* [PROBLEM]: Only the lines from the beginning of the listing below through the line with "I printed the" belong in the answer; please print them exactly and drop the pictures.

* [PROVIDED DATA]:
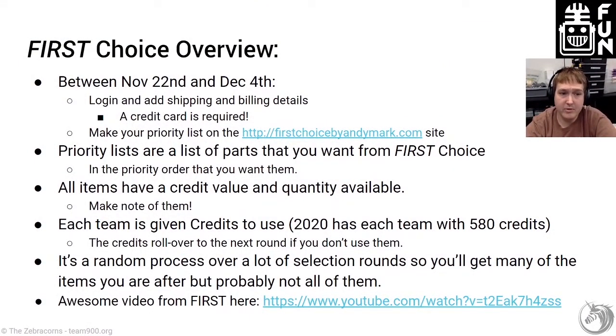Once you're logged in, you'll start by making your priority list — a list of parts in the priority order you want them from First Choice. All items on the First Choice website will have a credit value and a quantity associated with them, and you'll want to make note of those. For example, if there's only a hundred of a high-end brushless motor with a built-in motor controller, you want to be one of the teams that gets it, so move it up your priority list. Each team this year in 2020 has 580 credits to start, and credits left at the end of round one roll over into round two. Credits do not roll over into next year.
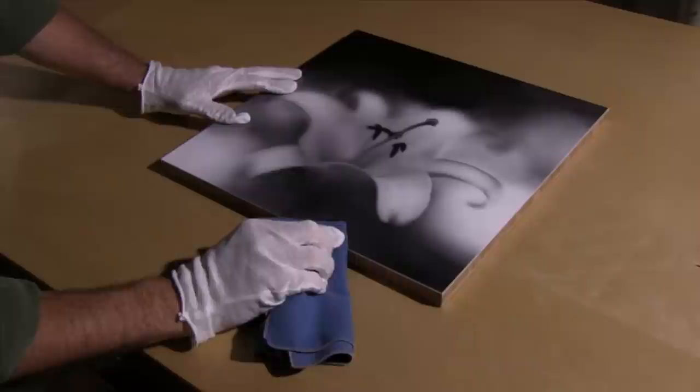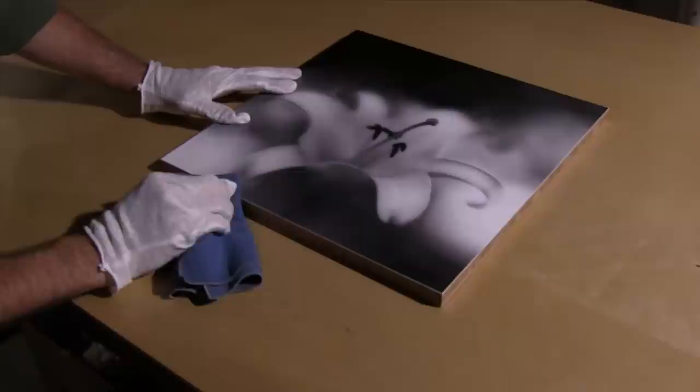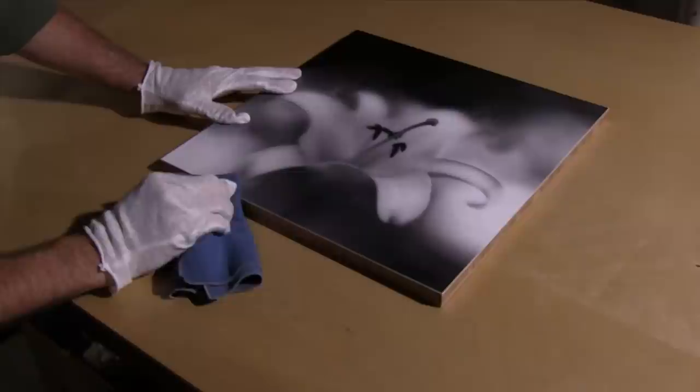I printed the images on cans of platine and mounted them to sustainably harvested bamboo panels. The process is difficult — one wrong move and both pieces are ruined. But the organic images look beautiful and fitting on the bamboo, and they look great hanging in the gallery.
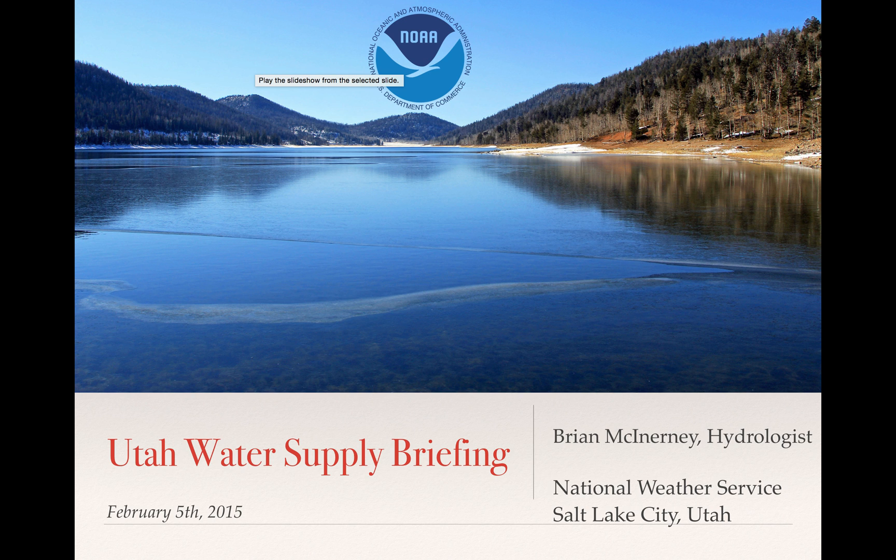Hi everyone. Today is Thursday, February 5, 2015 and this is a Utah Water Supply Briefing. This is the short version and my name is Brian McInerney. I'm the hydrologist here at the National Weather Service in Salt Lake City, Utah. So let's get to it.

* [WRITTEN RESPONSE]:
Once you're logged in, you'll start by making your priority list — a list of parts in the priority order you want them from First Choice. All items on the First Choice website will have a credit value and a quantity associated with them, and you'll want to make note of those. For example, if there's only a hundred of a high-end brushless motor with a built-in motor controller, you want to be one of the teams that gets it, so move it up your priority list. Each team this year in 2020 has 580 credits to start, and credits left at the end of round one roll over into round two. Credits do not roll over into next year.
I printed the images on cans of platine and mounted them to sustainably harvested bamboo panels. The process is difficult — one wrong move and both pieces are ruined. But the organic images look beautiful and fitting on the bamboo, and they look great hanging in the gallery.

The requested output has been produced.